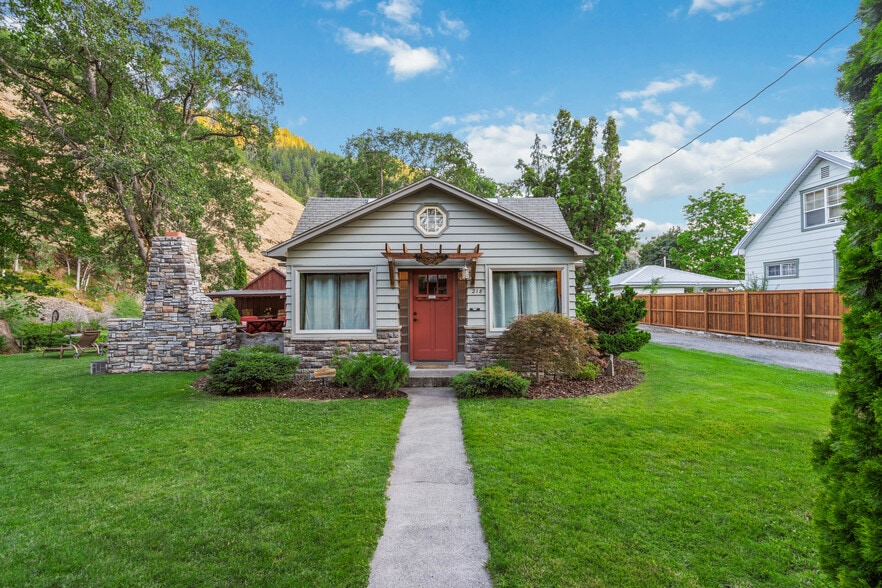 More Photos Of 218 2nd St, Klickitat Hotel For Sale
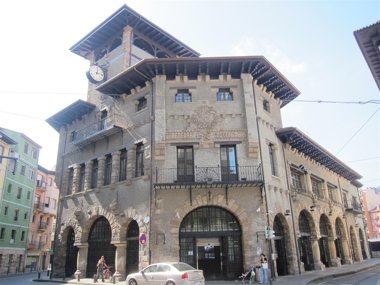 Foto: EuskoTrenek garraio aldaketa egingo du Atxuri eta Ariz artean, Etxebarriko zubi berriko lanengatik (Europa Press)
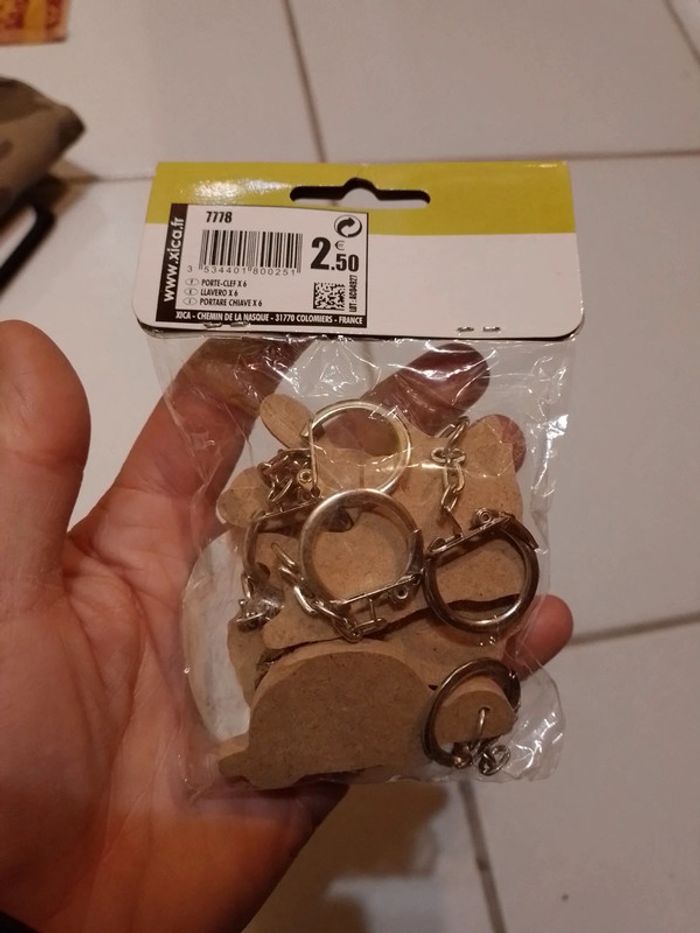 Lot de 6 portes clés à décorer - photo numéro 2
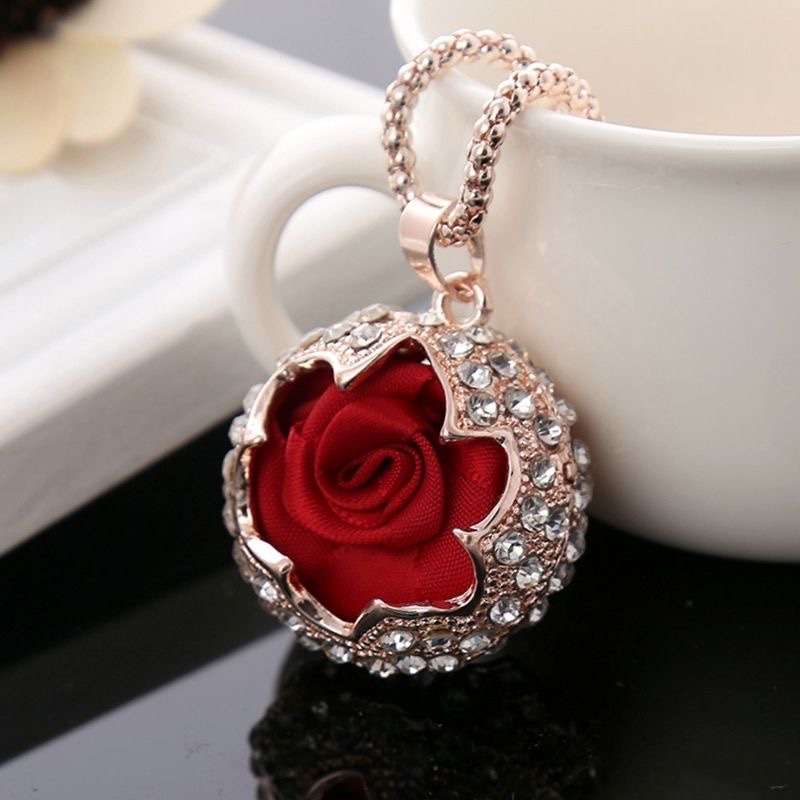 The 2025 new fashionable red rose pendant sweater chain is a trendy and versatile high-end flower necklace for women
::::
Nothing but the listing, copied exactly and stripped of its images, should appear in the response.

 More Photos Of 218 2nd St, Klickitat Hotel For Sale
 Foto: EuskoTrenek garraio aldaketa egingo du Atxuri eta Ariz artean, Etxebarriko zubi berriko lanengatik (Europa Press)
 Lot de 6 portes clés à décorer - photo numéro 2
 The 2025 new fashionable red rose pendant sweater chain is a trendy and versatile high-end flower necklace for women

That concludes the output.